**Data supplied:**
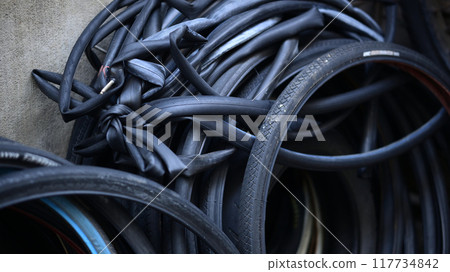 Old bicycle tires 117734842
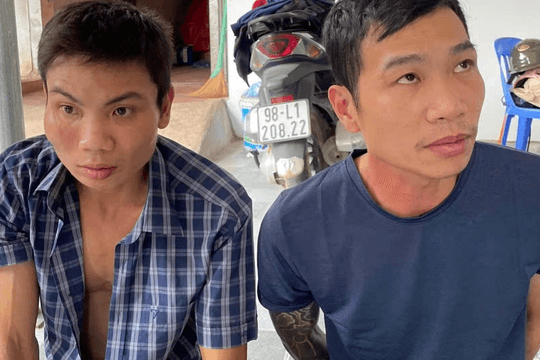 Sáng 4/10: Khởi tố 4 đối tượng dùng hung khí chém người khi đi trộm chó mèo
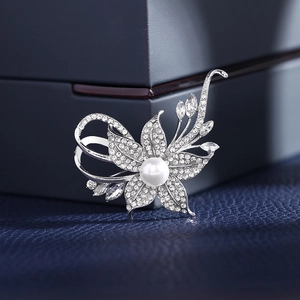 Spilla floreale elegante con strass scintillanti e perla su una scatola regalo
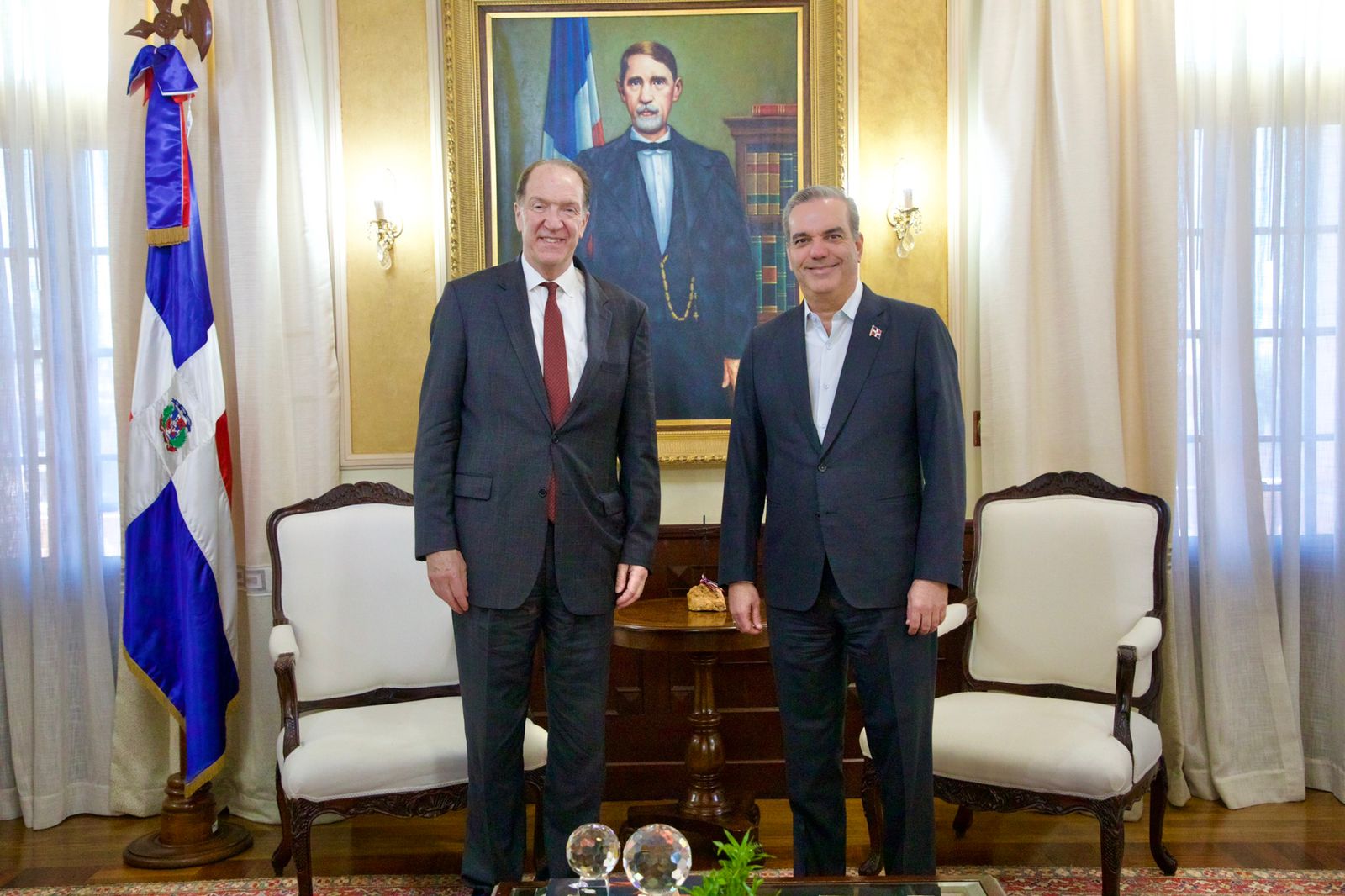 Abinader se reúne con presidente del BM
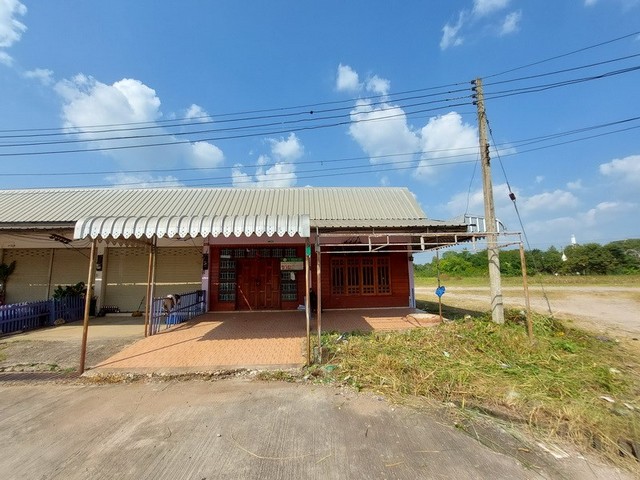 รายละเอียดเพิ่มเติมCode ID :  PKK04-04965ราคาขาย      1,365,000 บาท- ขนาดพื้นที่ :  41 ตร.ว - พื้นที่ใช้สอย :  156 ตร.ม- จำนวนห้อง :     2 ห้องนอน 4 ห้องน้ำ (2 คูหา)- จอดรถ :      1 คัน- อาคารพาณิชย์   :     1 ชั้น- อาคารพาณิชย์หันทางทิศ :- อายุอาคาร : 14 ปีพิกัดทรัพย์ :  https://maps.app.goo.gl/Dfsh8iz3Jg9y3K4N7สถานที่ใกล้เคียง- ใกล้ตลาดเช้าวังสะพุง - ใกล้บิ๊กซี มาร์เก็ต วังสะพุง- ใกล้โลตัส โก เฟรช ถนนภูมิวิธี วังสะพุง เลย - ใกล้โลตัส โก เฟรช สามแยก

**Action item:**
Each entry above needs to be restated without a single word changed; skip the images.

**Solution to this exercise:**
 Old bicycle tires 117734842
 Sáng 4/10: Khởi tố 4 đối tượng dùng hung khí chém người khi đi trộm chó mèo
 Spilla floreale elegante con strass scintillanti e perla su una scatola regalo
 Abinader se reúne con presidente del BM
 รายละเอียดเพิ่มเติมCode ID :  PKK04-04965ราคาขาย      1,365,000 บาท- ขนาดพื้นที่ :  41 ตร.ว - พื้นที่ใช้สอย :  156 ตร.ม- จำนวนห้อง :     2 ห้องนอน 4 ห้องน้ำ (2 คูหา)- จอดรถ :      1 คัน- อาคารพาณิชย์   :     1 ชั้น- อาคารพาณิชย์หันทางทิศ :- อายุอาคาร : 14 ปีพิกัดทรัพย์ :  https://maps.app.goo.gl/Dfsh8iz3Jg9y3K4N7สถานที่ใกล้เคียง- ใกล้ตลาดเช้าวังสะพุง - ใกล้บิ๊กซี มาร์เก็ต วังสะพุง- ใกล้โลตัส โก เฟรช ถนนภูมิวิธี วังสะพุง เลย - ใกล้โลตัส โก เฟรช สามแยก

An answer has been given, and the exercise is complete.